David Walsh
- Born: 29 August 1963 (age 63) Sowerby Bridge, West Yorkshire, England
- Nationality: British (English)

Career history
- 1983, 1993–1995: Glasgow Tigers
- 1983–1986: Sheffield Tigers
- 1983, 1999: Newcastle Diamonds
- 1984, 1989–1992, 1998: Berwick Bandits
- 1985: Ellesmere Port Gunners
- 1987, 1988: Cradley Heathens
- 1996: Middlesbrough Bears
- 1997: Bradford Dukes
- 1998: Coventry Bees
- 2000: Stoke Potters
- 2001: Hull Vikings

Individual honours
- 1995, 1996, 1997: British Championship finalist

Team honours
- 1985: National League Champion
- 1987, 1988: Knockout Cup

= David Walsh (speedway rider) =

English speedway rider

David Michael Walsh (born 29 August 1963) is a former international speedway rider from England.

== Speedway career ==
Walsh rode in the top tier of British Speedway from 1983 to 2001, riding for various clubs. He won the league title with Ellesmere Port Gunners in 1985.

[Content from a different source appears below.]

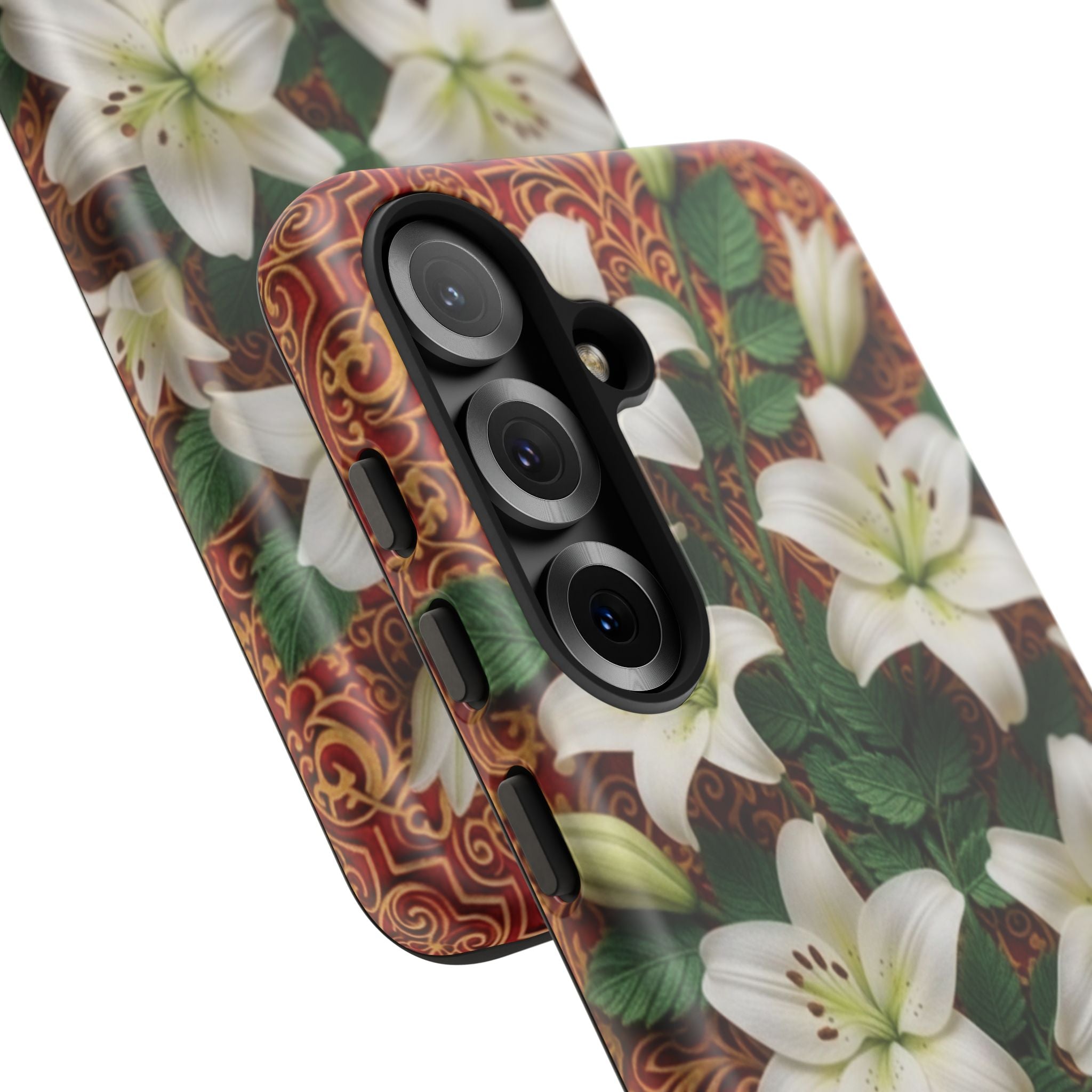 Luxury Lily Phone Case Elegant Floral Ornate Botanical Style Pristine White Bloom Motif Unique Accessory for iPhone Samsung Pixel Devices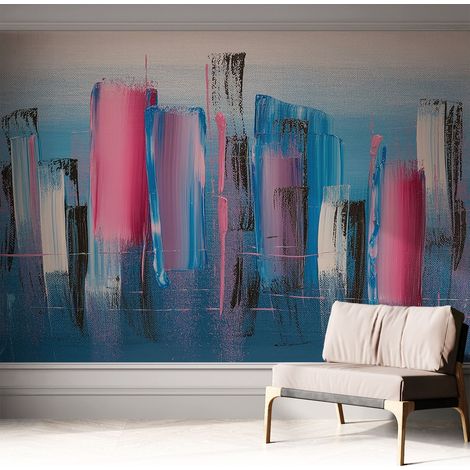 Papier peint adhésif autocollant pour salon chambre à coucher tendance et originale Bandes abstraites 312x219 cm (1/5)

Walsh completed three spells with Berwick Bandits in 1984, from 1989 to 1992 and again in 1998. His second spell started in 1989, when he transferred from Cradley Heathens. It was at Cradley during the 1987 British League season and 1988 British League seasons that Walsh won the Knockout Cup.

Walsh reached the final of the British Speedway Championship on three occasions in 1995, 1996 and 1997.